More recently I have taken to looking at other more tech savvy fitness
tracking devices and asking the advice of others as to the best around. But it would now appear, rather like me, that after all the breathless talk about the exercise revolution, wrist-worn fitness trackers have run out of puff … Why? Is it a question of their accuracy? Do they promise a great deal but fall short on delivery? Or does the research stack up when asking the question “Can measuring physical activity really help us to become healthier”? Read on for some answers …
GUEST POST: The Christmas before last I got a fitness tracker, one of those wristbands that promises to get you moving by setting a daily target of, say, 10,000 steps. For the first few weeks, I felt a smug glow of satisfaction whenever I hit my goal. I soon lost interest, however, and now it’s gathering dust.
Others also have their doubts, with critics asking whether the much-touted Fitbit revolution – named for the leading fitness tracker band – is a mirage. Can measuring physical activity really help us be healthier? A two-year study at Pittsburgh University in America found that people on a diet programme who used fitness trackers lost half as much weight as those on the same programme who were given health counselling instead. The only consolation for the wearable tech industry, which the analyst CCS Insight predicts will be worth £27bn by 2020, is that both groups lost some weight.

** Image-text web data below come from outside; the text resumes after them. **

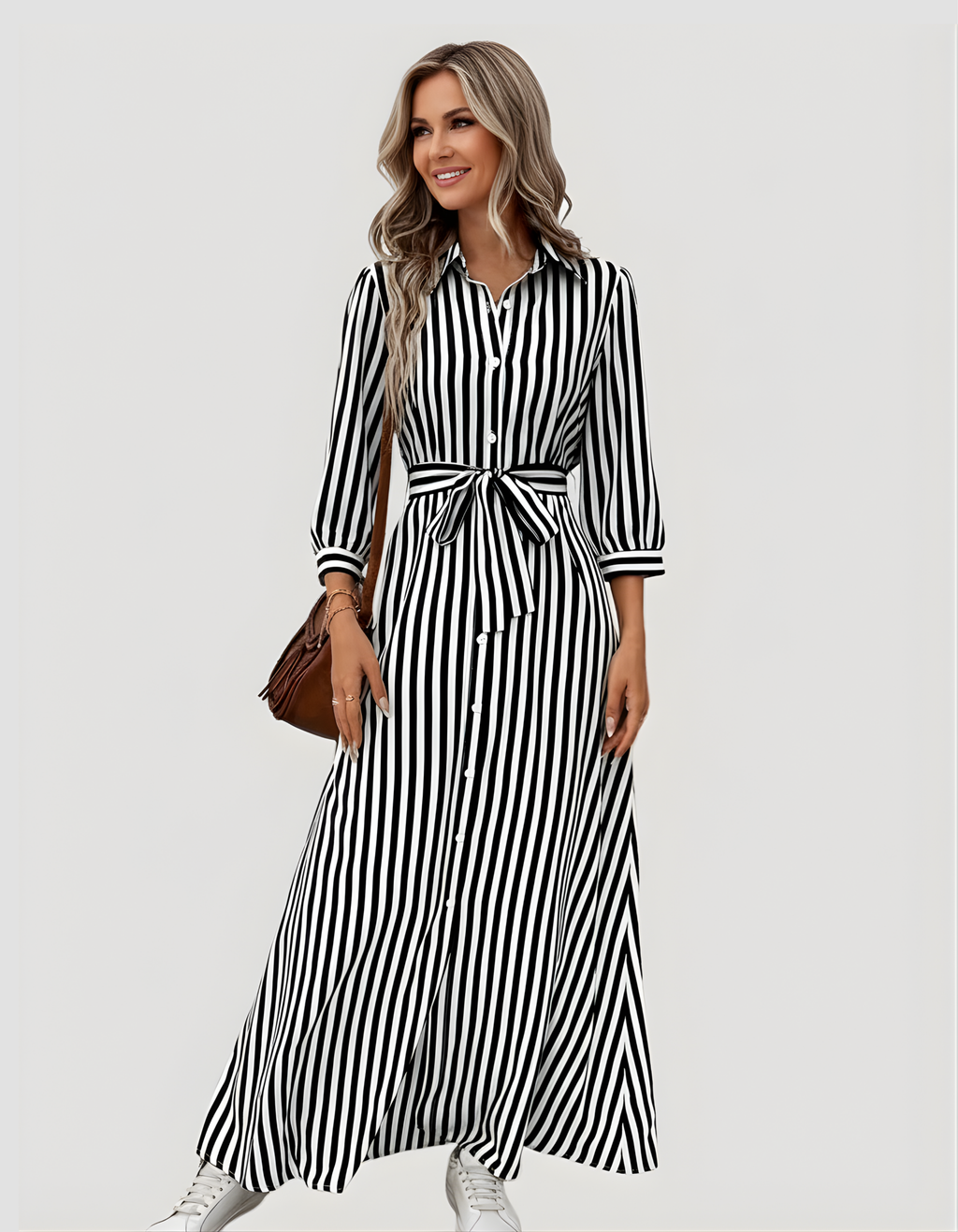 Elle | Chic shirt dress with belt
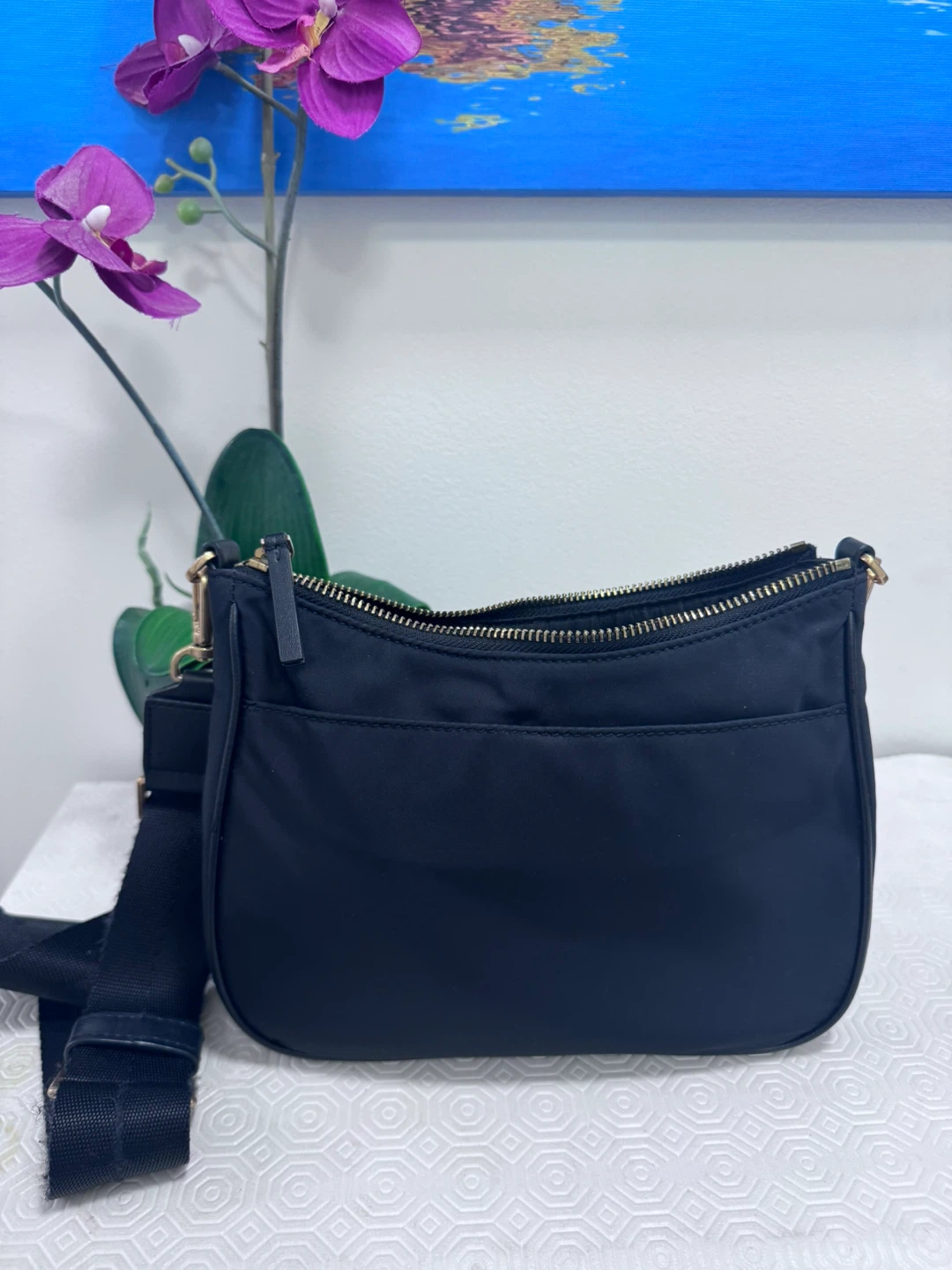 Tory Burch Black Nylon Crossbody Bag - photo 2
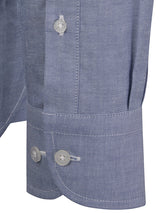 Laksen Kaleb Chambray Shirt, light blue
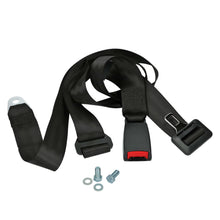 Load image into Gallery viewer, Volkswagen Bus Lap Belt Black Universal Extra Long With E-Mark (1) Upholstery Volkswagen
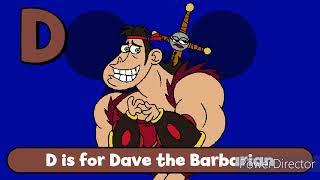 Disney TVA's ABC Month: Day 4 - D is for Dave the Barbarian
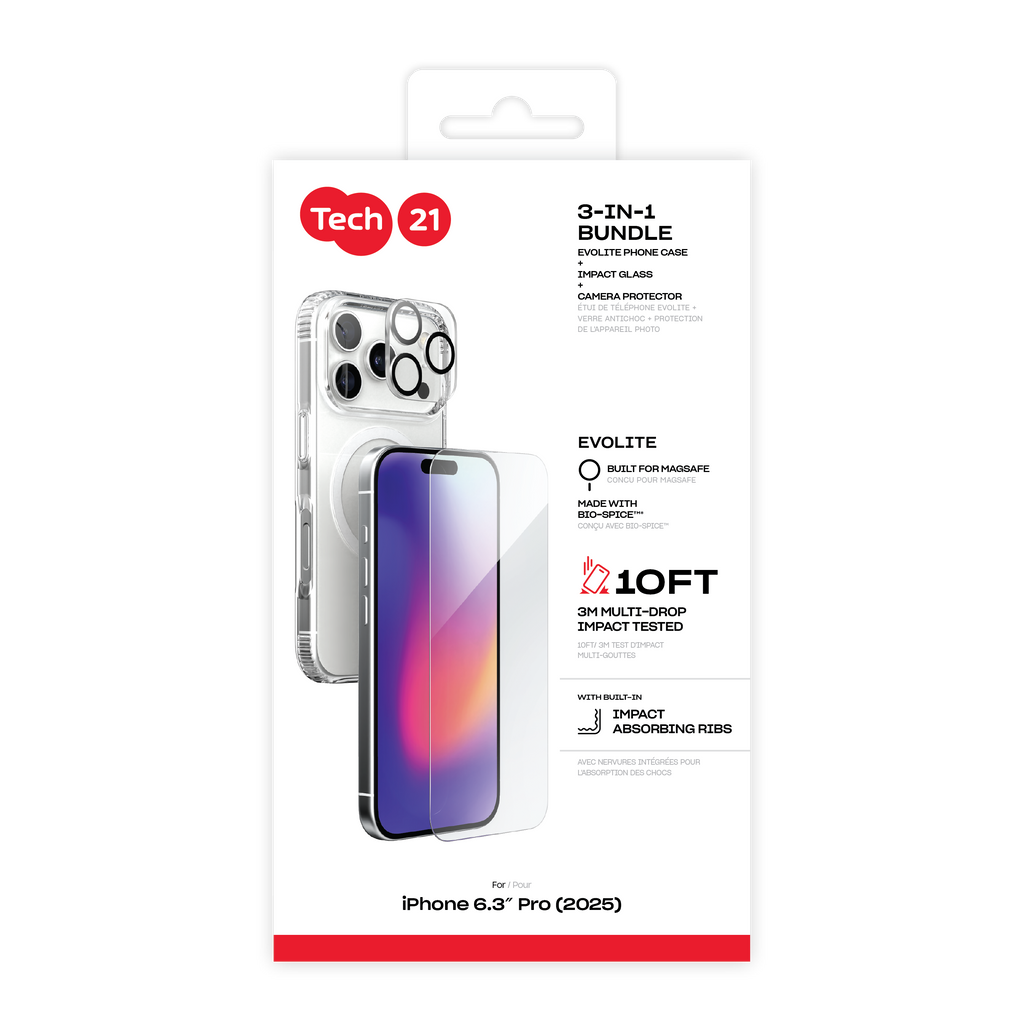 Tech21 iPhone 17 Series EvoLite MageSafe Case/ Impact Glass/ Camera Lens - Clear Tech21 iPhone 17 Series EvoLite MageSafe Case/ Impact Glass/ Camera Lens - Clear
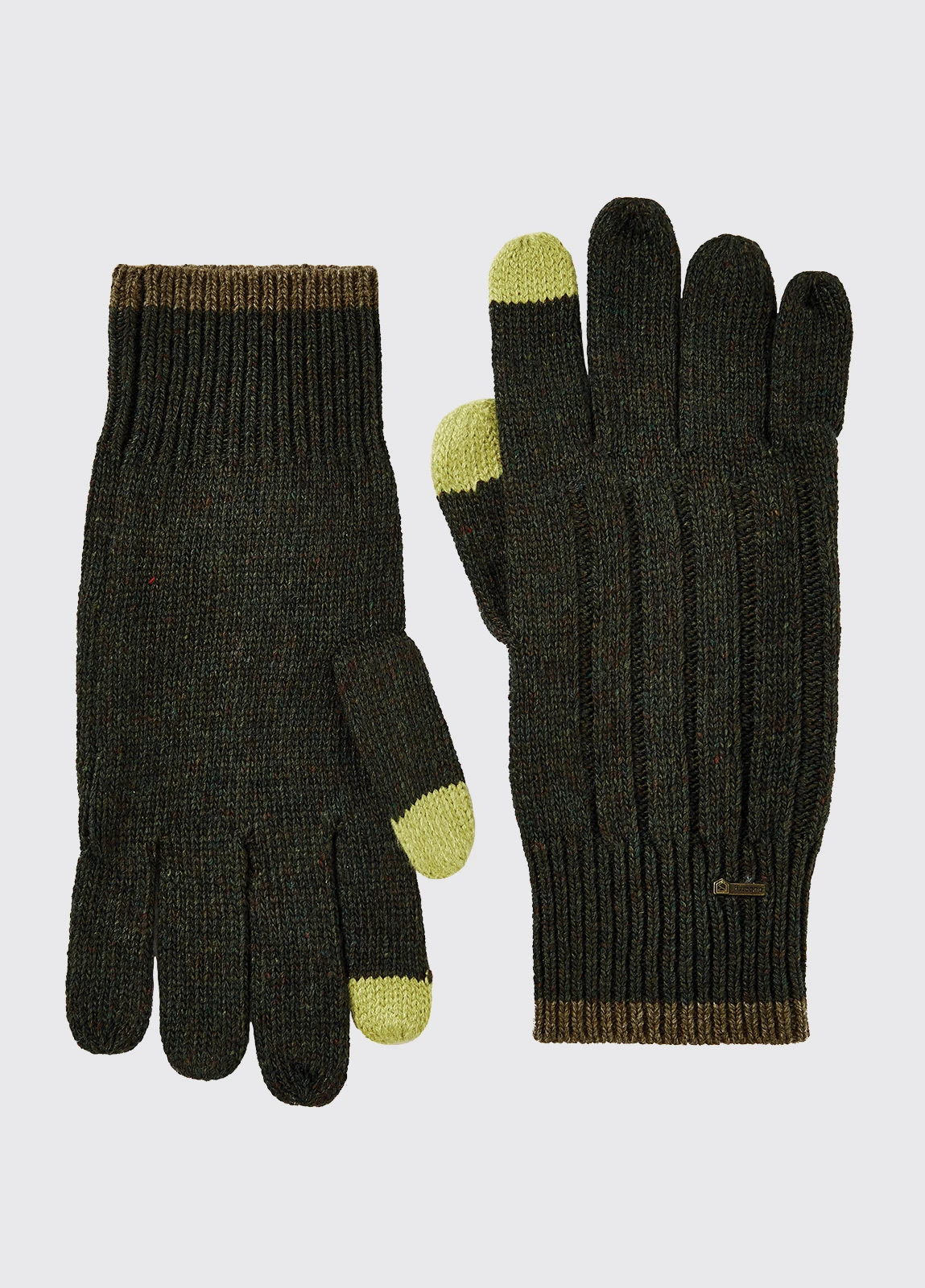 Dubarry Marsh Knitted Gloves - Olive 3 Dubarry Marsh Knitted Gloves - Olive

It’s possible that knowing how many calories we’ve burnt makes us feel better about sneaking that chocolate biscuit at 5 pm. Perhaps that explains why takeaways next to gyms do such good business.
Then there’s the inevitable infantilisation that comes from relying too heavily on any one gadget. John Jakicic, the lead researcher on the Pittsburgh study, suggests trackers “might give people a false sense of security, so they don’t pay attention to key behaviours they otherwise might pay attention to”.
This is a particular problem because brands often give wildly different estimates of walking distances. In America, Fitbit is also fighting a class-action lawsuit from users who claim its heart-rate monitors give such inaccurate readings that training programmes relying upon them are rendered useless. The company denies the claims.
It will come as no surprise that there is no miraculous shortcut to losing weight or getting fitter. Yet the interesting thing about the fitness tracker row is how it is a microcosm of the bigger debate about technology. Our inventions enale us to do things no humans have done before, but we often sacrifice our independence, privacy or sense of control over our lives – and pay handsomely for the privilege.